Exercise details => Copy out each line of the material in which the word "Bronco" can be found.
Stored data START
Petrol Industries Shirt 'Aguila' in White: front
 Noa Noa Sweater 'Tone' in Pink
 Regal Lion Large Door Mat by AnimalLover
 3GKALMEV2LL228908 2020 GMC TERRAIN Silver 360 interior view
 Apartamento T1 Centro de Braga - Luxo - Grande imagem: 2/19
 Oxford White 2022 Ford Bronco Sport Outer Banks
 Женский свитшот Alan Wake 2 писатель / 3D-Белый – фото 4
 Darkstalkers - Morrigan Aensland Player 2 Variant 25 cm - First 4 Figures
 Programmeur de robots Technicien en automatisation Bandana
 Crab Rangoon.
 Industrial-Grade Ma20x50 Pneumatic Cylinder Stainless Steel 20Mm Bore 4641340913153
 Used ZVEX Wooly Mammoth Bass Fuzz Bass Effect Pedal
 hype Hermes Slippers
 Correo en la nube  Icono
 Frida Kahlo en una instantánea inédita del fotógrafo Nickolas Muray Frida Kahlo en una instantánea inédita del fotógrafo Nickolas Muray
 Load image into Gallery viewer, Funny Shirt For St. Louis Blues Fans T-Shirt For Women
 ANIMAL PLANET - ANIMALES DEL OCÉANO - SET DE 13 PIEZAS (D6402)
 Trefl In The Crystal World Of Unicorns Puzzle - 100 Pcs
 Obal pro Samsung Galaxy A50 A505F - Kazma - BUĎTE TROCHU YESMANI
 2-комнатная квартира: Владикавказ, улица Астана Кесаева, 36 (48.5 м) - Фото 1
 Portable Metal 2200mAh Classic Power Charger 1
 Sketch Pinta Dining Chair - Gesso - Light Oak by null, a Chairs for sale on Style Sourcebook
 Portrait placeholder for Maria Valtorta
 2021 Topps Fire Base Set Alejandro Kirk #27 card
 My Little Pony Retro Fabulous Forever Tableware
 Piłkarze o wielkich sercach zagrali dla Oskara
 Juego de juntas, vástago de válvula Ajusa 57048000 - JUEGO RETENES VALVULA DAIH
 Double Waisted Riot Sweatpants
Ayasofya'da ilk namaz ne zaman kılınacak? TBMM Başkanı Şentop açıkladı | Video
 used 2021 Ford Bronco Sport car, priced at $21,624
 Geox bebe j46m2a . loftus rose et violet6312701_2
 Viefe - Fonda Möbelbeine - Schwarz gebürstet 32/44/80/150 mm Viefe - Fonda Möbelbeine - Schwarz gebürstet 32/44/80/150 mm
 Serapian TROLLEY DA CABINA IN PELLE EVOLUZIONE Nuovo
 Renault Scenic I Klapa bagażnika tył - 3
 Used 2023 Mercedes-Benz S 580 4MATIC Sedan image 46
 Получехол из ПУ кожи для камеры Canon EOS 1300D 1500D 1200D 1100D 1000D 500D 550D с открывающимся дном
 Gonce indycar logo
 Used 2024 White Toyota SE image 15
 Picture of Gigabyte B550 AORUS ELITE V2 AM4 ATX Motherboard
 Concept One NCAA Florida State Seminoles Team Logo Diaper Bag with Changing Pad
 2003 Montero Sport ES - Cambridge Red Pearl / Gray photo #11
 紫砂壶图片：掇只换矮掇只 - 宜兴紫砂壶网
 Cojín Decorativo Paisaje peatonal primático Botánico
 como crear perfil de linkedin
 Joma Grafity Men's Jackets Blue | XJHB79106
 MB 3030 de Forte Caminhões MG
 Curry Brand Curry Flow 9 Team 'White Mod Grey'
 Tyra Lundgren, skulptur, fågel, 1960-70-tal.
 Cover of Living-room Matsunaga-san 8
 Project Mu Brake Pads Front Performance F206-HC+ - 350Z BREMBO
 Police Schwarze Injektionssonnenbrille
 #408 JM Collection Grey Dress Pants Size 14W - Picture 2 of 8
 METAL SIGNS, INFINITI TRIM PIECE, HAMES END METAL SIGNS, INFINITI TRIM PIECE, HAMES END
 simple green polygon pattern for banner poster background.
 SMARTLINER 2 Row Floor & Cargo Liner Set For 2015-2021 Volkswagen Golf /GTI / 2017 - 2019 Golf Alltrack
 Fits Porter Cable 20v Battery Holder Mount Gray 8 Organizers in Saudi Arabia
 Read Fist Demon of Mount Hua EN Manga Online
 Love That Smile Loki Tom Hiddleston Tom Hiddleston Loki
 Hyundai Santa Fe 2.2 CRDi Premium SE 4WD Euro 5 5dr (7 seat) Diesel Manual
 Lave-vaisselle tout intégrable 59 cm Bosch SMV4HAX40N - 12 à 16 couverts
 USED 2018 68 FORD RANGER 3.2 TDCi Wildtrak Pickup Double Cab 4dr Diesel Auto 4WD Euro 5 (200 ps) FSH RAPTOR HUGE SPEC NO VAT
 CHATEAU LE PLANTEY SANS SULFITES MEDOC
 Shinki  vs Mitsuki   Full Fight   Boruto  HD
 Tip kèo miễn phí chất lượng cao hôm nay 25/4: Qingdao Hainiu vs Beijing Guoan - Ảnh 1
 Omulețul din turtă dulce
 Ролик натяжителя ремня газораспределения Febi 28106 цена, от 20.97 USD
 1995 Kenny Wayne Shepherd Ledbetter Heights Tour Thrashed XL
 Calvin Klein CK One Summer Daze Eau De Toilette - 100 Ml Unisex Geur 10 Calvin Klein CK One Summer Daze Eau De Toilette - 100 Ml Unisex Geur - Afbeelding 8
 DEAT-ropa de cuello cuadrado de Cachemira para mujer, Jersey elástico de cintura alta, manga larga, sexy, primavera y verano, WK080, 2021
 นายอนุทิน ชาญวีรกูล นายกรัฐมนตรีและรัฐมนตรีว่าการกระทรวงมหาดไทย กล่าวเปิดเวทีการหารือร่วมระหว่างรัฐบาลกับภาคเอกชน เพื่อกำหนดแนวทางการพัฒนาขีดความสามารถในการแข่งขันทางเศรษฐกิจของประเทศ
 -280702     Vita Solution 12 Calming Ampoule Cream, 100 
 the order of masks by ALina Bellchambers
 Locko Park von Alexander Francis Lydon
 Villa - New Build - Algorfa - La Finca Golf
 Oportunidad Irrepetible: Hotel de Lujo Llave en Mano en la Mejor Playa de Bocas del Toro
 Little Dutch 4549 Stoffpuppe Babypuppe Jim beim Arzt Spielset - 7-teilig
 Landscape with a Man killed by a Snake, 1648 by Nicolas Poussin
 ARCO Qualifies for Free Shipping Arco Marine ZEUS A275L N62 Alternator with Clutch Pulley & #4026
Stored data END
Written solution =>
 Oxford White 2022 Ford Bronco Sport Outer Banks
 used 2021 Ford Bronco Sport car, priced at $21,624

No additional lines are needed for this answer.